> [TASK PROMPT] The listing below holds a line with "Chic Print Women" and a later line with "Redonda Pegatina del árbol de la araña". Write out those two lines and every line between them, exactly, and nothing else.

> [DATA FOR THE TASK]
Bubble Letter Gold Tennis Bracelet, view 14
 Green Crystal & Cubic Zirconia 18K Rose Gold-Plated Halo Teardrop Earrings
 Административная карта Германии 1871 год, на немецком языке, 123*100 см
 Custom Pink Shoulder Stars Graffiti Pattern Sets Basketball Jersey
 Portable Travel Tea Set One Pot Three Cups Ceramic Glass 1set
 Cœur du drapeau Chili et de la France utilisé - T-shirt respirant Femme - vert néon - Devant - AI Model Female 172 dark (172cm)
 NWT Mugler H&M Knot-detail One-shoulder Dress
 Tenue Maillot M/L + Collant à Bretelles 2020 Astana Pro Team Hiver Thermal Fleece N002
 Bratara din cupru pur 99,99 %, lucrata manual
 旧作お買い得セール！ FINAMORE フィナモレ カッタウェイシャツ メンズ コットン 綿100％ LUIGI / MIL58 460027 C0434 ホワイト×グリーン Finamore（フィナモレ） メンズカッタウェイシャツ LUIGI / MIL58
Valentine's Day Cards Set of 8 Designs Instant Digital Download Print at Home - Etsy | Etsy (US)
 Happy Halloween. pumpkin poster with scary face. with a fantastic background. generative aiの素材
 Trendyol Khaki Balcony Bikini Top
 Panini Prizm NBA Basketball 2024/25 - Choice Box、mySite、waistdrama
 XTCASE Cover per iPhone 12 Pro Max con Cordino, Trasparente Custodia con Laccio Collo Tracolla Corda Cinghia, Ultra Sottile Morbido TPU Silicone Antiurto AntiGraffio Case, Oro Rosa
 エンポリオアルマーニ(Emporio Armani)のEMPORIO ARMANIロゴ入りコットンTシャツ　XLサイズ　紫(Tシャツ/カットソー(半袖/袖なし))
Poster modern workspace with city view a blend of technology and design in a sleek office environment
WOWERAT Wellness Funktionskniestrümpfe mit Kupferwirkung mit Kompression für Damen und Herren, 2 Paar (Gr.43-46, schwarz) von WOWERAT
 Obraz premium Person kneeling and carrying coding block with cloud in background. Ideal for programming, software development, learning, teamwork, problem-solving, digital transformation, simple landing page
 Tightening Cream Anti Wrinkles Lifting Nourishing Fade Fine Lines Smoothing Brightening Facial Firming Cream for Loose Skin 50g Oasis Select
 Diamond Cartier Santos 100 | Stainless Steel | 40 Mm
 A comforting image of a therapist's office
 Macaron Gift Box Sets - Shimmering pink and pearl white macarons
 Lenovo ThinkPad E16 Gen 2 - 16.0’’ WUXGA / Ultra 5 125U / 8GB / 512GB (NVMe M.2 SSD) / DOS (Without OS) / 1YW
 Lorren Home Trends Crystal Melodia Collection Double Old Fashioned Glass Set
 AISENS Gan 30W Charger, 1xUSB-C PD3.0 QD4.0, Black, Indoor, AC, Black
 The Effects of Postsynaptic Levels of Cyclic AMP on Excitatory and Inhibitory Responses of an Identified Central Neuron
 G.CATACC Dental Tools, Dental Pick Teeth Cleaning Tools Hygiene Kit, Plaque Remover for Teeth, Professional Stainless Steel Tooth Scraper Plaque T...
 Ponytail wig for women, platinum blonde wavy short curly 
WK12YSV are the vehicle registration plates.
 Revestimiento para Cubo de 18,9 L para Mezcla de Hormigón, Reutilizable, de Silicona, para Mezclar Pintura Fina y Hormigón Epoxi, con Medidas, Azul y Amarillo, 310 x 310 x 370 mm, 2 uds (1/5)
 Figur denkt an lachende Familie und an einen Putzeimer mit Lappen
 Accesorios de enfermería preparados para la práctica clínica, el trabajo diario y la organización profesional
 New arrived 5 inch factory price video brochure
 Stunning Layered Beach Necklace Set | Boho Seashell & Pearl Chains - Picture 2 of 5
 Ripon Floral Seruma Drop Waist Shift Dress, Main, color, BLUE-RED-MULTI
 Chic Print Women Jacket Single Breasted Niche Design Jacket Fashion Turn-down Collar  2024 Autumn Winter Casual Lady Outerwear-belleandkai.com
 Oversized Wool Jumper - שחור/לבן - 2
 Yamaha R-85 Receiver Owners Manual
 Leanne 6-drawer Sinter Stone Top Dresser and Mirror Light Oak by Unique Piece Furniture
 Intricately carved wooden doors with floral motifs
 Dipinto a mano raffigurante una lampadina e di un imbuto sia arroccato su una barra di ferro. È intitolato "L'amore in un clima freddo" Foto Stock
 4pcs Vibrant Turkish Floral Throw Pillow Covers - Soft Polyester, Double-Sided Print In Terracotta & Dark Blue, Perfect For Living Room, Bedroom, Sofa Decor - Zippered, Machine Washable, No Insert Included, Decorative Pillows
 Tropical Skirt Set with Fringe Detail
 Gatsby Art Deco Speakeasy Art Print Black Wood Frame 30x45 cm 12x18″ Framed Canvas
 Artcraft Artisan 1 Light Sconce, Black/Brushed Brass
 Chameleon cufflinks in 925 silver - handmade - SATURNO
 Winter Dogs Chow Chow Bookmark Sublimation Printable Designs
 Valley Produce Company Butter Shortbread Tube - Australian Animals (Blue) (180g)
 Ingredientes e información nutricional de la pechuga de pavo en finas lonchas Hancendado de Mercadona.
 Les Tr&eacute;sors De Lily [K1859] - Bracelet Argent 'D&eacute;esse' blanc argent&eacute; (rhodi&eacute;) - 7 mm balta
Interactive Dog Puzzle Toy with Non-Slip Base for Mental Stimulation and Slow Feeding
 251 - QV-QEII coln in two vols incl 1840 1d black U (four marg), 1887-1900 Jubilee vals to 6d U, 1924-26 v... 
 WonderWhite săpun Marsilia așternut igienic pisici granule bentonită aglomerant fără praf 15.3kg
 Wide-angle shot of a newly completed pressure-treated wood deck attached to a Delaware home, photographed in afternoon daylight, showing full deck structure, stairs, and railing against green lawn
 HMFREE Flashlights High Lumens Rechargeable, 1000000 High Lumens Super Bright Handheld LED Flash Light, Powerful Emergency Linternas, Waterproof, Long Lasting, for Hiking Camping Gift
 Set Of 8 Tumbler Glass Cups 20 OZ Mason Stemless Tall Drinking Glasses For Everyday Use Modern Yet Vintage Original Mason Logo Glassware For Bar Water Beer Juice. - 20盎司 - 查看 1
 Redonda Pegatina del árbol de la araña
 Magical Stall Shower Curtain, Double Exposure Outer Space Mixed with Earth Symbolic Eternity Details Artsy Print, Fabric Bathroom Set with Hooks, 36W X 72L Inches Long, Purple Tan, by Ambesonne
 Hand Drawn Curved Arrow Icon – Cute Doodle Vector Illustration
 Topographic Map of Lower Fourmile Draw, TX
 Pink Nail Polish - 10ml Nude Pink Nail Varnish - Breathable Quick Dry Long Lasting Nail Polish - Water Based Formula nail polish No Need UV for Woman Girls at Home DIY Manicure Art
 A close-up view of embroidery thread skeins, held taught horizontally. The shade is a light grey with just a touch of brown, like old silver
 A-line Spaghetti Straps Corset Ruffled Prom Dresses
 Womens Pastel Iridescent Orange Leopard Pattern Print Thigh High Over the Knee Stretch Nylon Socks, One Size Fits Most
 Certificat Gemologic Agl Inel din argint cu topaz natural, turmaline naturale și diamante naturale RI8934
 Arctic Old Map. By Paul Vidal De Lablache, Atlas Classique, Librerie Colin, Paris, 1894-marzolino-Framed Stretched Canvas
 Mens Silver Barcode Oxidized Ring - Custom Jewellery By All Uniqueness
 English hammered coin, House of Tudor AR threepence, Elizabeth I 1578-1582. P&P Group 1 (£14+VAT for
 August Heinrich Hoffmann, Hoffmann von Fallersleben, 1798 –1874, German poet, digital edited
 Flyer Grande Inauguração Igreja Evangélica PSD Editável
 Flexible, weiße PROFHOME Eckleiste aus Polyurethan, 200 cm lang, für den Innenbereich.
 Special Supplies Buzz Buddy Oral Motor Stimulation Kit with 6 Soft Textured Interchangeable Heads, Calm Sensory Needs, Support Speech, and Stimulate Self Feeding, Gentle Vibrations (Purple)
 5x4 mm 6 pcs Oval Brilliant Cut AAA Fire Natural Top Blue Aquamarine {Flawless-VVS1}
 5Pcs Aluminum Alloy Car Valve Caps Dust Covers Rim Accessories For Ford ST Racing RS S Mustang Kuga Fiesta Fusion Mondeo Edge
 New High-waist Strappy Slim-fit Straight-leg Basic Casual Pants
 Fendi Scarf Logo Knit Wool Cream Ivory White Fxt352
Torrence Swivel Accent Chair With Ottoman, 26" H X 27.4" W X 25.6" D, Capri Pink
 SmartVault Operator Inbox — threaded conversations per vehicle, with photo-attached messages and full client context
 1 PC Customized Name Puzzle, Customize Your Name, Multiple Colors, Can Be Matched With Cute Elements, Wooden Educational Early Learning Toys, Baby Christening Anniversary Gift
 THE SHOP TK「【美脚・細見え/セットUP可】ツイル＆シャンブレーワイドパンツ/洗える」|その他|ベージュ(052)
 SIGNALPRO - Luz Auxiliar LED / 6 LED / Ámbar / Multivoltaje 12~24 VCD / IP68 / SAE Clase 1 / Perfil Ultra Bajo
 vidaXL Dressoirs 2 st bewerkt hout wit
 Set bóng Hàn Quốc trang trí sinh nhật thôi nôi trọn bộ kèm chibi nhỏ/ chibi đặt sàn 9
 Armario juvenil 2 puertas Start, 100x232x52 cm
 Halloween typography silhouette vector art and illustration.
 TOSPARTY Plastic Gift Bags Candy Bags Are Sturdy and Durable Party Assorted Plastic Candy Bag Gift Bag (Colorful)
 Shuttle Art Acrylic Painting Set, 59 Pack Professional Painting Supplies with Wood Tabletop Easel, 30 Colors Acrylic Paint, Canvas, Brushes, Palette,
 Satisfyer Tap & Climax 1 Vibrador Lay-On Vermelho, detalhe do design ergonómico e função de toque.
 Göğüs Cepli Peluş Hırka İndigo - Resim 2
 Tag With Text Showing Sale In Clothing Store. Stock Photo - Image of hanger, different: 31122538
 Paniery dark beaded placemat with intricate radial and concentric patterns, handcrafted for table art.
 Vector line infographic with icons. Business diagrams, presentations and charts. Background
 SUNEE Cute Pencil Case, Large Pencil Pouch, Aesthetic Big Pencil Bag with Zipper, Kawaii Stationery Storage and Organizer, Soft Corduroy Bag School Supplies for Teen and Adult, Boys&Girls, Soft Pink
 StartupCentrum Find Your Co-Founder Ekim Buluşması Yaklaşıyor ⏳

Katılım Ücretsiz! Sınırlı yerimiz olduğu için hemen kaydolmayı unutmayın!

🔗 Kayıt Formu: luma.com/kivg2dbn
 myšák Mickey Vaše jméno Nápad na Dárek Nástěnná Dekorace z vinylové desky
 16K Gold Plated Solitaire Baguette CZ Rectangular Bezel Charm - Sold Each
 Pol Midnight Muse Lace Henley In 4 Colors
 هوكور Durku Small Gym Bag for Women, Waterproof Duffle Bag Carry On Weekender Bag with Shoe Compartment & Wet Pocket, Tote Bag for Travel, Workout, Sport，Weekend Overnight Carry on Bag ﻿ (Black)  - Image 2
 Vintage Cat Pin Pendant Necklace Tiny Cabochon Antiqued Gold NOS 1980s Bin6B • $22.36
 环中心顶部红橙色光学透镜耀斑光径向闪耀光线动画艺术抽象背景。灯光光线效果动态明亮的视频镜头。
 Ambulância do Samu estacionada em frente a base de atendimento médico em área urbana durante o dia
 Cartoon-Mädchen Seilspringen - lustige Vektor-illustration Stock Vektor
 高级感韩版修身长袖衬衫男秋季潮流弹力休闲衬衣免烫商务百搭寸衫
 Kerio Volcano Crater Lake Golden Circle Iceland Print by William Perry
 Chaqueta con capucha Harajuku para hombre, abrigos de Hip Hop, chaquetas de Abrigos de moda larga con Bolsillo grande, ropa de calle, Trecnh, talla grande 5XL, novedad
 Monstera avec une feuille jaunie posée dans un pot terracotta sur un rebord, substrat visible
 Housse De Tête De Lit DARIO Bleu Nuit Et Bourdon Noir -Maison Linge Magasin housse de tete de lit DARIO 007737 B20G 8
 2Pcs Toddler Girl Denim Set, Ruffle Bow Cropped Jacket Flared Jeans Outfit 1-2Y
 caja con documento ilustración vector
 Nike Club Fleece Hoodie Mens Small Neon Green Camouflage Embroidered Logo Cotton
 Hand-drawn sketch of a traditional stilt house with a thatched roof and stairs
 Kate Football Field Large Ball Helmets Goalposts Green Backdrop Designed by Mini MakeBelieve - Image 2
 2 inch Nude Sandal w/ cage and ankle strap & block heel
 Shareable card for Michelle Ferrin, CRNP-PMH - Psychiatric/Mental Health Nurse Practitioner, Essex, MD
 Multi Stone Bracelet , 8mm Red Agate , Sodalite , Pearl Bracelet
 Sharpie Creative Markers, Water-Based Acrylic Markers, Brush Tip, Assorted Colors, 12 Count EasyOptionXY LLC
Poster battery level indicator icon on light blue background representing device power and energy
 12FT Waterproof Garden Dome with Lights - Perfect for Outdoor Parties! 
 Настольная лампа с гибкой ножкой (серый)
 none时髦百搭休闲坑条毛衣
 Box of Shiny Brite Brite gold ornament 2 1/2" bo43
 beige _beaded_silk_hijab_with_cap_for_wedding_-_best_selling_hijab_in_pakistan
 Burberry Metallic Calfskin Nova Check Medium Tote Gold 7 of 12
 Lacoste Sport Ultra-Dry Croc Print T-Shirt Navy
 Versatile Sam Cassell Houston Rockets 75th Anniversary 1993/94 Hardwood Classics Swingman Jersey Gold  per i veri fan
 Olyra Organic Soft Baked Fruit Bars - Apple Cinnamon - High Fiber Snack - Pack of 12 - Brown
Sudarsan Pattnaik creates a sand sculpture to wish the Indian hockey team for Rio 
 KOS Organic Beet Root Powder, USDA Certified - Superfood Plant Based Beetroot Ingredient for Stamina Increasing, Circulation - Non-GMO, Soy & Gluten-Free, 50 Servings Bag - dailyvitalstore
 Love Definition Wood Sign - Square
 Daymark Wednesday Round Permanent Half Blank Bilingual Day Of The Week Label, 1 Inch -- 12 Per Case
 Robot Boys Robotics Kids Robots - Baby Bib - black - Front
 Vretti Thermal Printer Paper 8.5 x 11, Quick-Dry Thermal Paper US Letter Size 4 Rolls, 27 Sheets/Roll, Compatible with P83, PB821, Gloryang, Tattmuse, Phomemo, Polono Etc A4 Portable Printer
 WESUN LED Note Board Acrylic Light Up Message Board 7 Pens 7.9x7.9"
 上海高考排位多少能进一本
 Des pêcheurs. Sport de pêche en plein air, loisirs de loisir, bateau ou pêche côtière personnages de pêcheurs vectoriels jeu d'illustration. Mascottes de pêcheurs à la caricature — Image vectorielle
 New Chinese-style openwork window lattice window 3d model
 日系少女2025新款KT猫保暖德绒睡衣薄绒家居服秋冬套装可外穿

> [EXERCISE ANSWER]
 Chic Print Women Jacket Single Breasted Niche Design Jacket Fashion Turn-down Collar  2024 Autumn Winter Casual Lady Outerwear-belleandkai.com
 Oversized Wool Jumper - שחור/לבן - 2
 Yamaha R-85 Receiver Owners Manual
 Leanne 6-drawer Sinter Stone Top Dresser and Mirror Light Oak by Unique Piece Furniture
 Intricately carved wooden doors with floral motifs
 Dipinto a mano raffigurante una lampadina e di un imbuto sia arroccato su una barra di ferro. È intitolato "L'amore in un clima freddo" Foto Stock
 4pcs Vibrant Turkish Floral Throw Pillow Covers - Soft Polyester, Double-Sided Print In Terracotta & Dark Blue, Perfect For Living Room, Bedroom, Sofa Decor - Zippered, Machine Washable, No Insert Included, Decorative Pillows
 Tropical Skirt Set with Fringe Detail
 Gatsby Art Deco Speakeasy Art Print Black Wood Frame 30x45 cm 12x18″ Framed Canvas
 Artcraft Artisan 1 Light Sconce, Black/Brushed Brass
 Chameleon cufflinks in 925 silver - handmade - SATURNO
 Winter Dogs Chow Chow Bookmark Sublimation Printable Designs
 Valley Produce Company Butter Shortbread Tube - Australian Animals (Blue) (180g)
 Ingredientes e información nutricional de la pechuga de pavo en finas lonchas Hancendado de Mercadona.
 Les Tr&eacute;sors De Lily [K1859] - Bracelet Argent 'D&eacute;esse' blanc argent&eacute; (rhodi&eacute;) - 7 mm balta
Interactive Dog Puzzle Toy with Non-Slip Base for Mental Stimulation and Slow Feeding
 251 - QV-QEII coln in two vols incl 1840 1d black U (four marg), 1887-1900 Jubilee vals to 6d U, 1924-26 v... 
 WonderWhite săpun Marsilia așternut igienic pisici granule bentonită aglomerant fără praf 15.3kg
 Wide-angle shot of a newly completed pressure-treated wood deck attached to a Delaware home, photographed in afternoon daylight, showing full deck structure, stairs, and railing against green lawn
 HMFREE Flashlights High Lumens Rechargeable, 1000000 High Lumens Super Bright Handheld LED Flash Light, Powerful Emergency Linternas, Waterproof, Long Lasting, for Hiking Camping Gift
 Set Of 8 Tumbler Glass Cups 20 OZ Mason Stemless Tall Drinking Glasses For Everyday Use Modern Yet Vintage Original Mason Logo Glassware For Bar Water Beer Juice. - 20盎司 - 查看 1
 Redonda Pegatina del árbol de la araña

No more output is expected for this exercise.